- Problem details: Copy out the data in full and exactly, passing over the pictures.

- Task input:
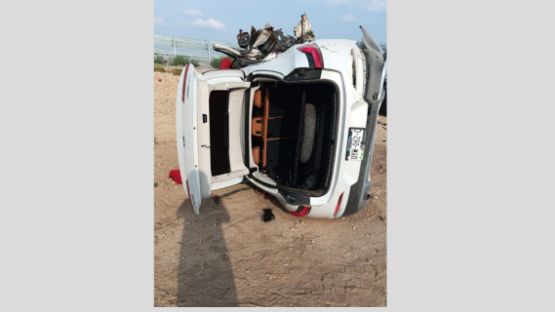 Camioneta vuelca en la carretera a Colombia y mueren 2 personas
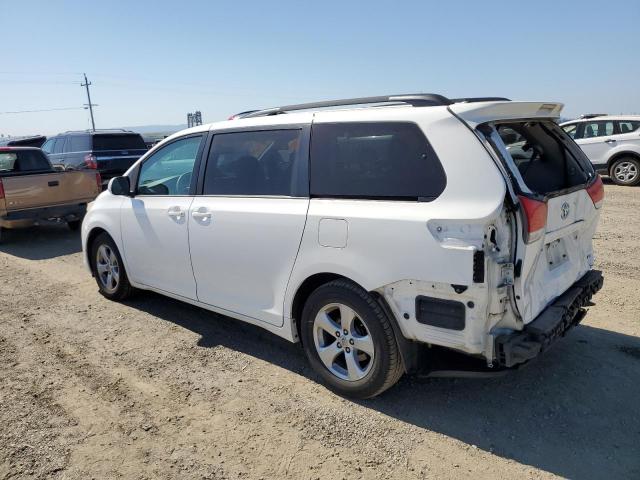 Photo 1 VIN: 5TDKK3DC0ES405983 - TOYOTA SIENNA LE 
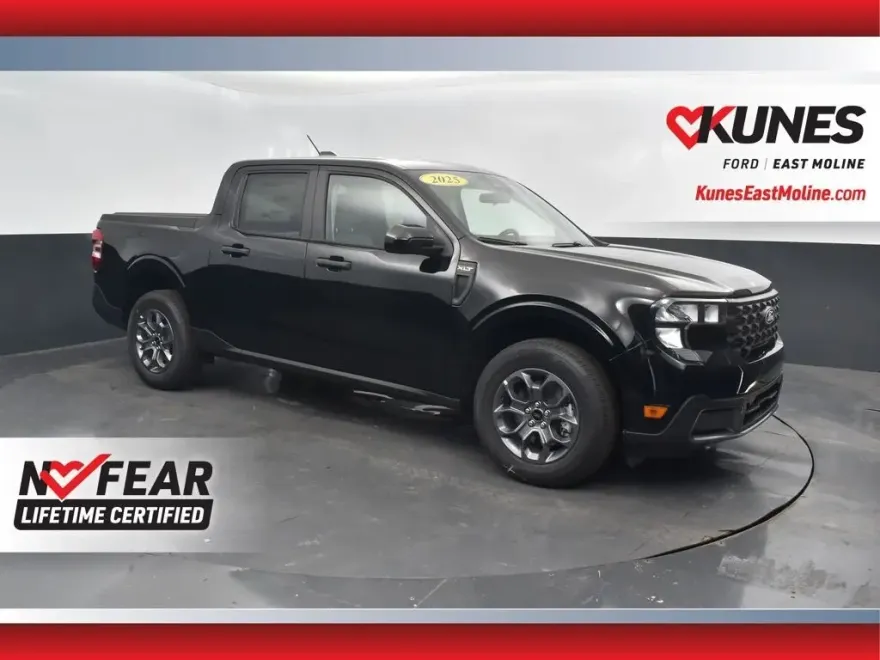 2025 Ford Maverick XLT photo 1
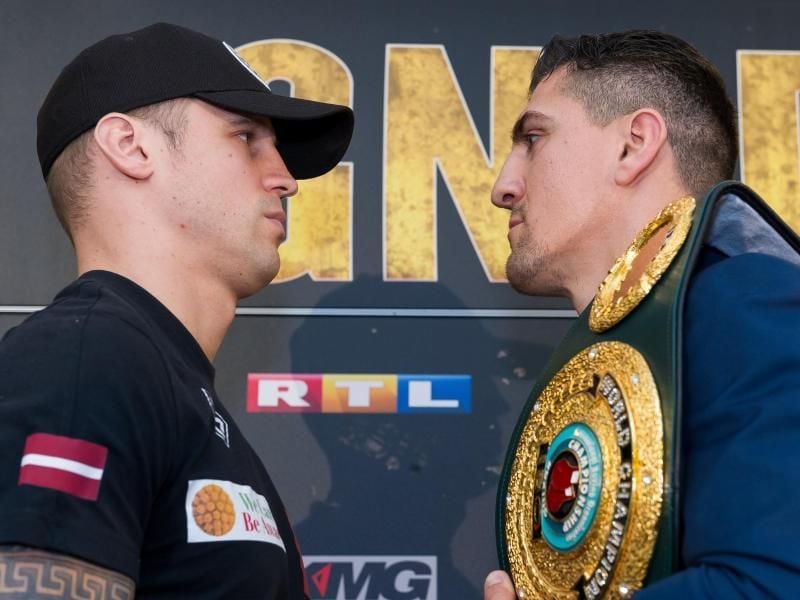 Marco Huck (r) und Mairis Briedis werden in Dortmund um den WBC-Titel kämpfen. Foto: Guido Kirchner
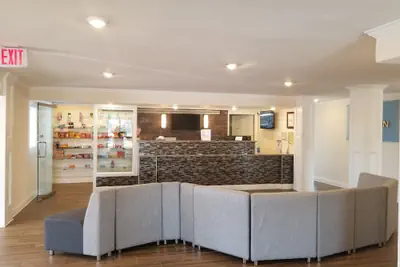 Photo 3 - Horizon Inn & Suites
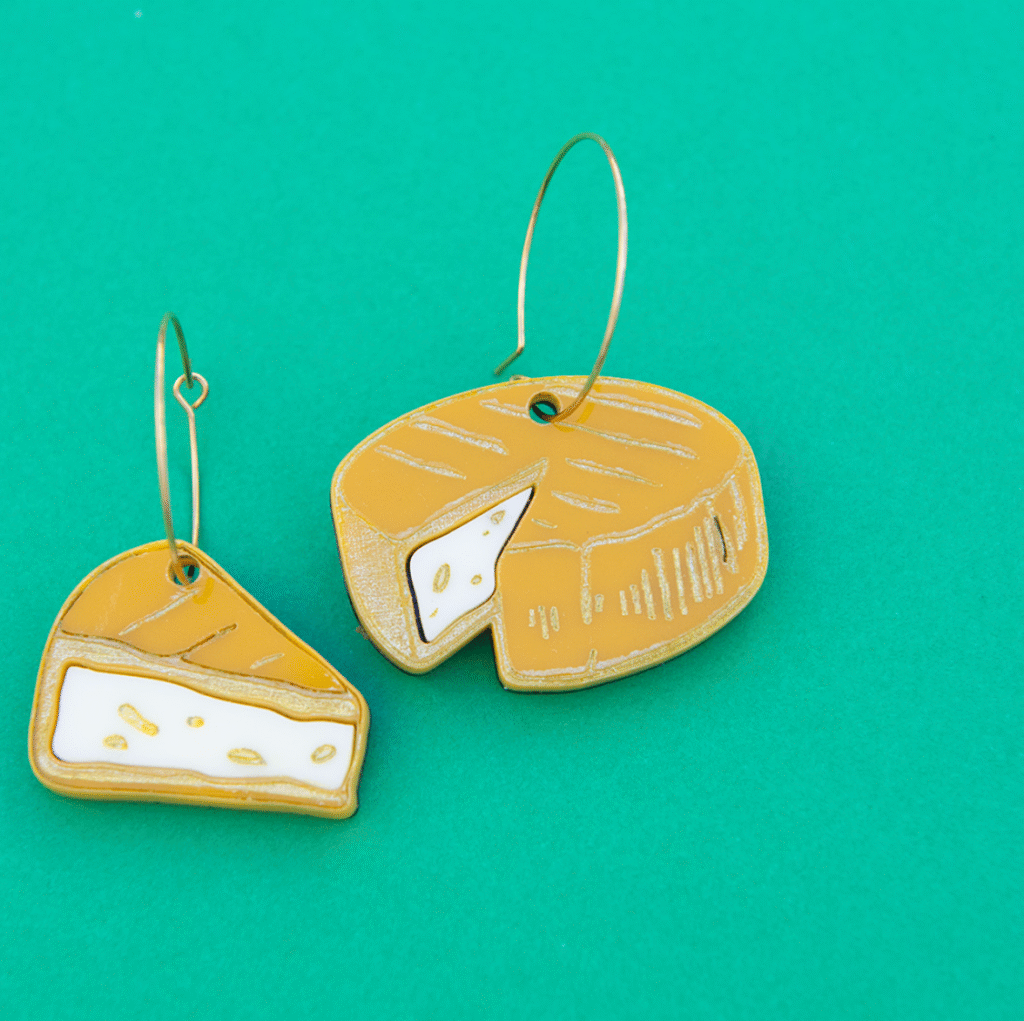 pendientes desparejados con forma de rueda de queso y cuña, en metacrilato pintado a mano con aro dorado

- Exercise result:
 Camioneta vuelca en la carretera a Colombia y mueren 2 personas
 Photo 1 VIN: 5TDKK3DC0ES405983 - TOYOTA SIENNA LE 
 2025 Ford Maverick XLT photo 1
 Marco Huck (r) und Mairis Briedis werden in Dortmund um den WBC-Titel kämpfen. Foto: Guido Kirchner
 Photo 3 - Horizon Inn & Suites
 pendientes desparejados con forma de rueda de queso y cuña, en metacrilato pintado a mano con aro dorado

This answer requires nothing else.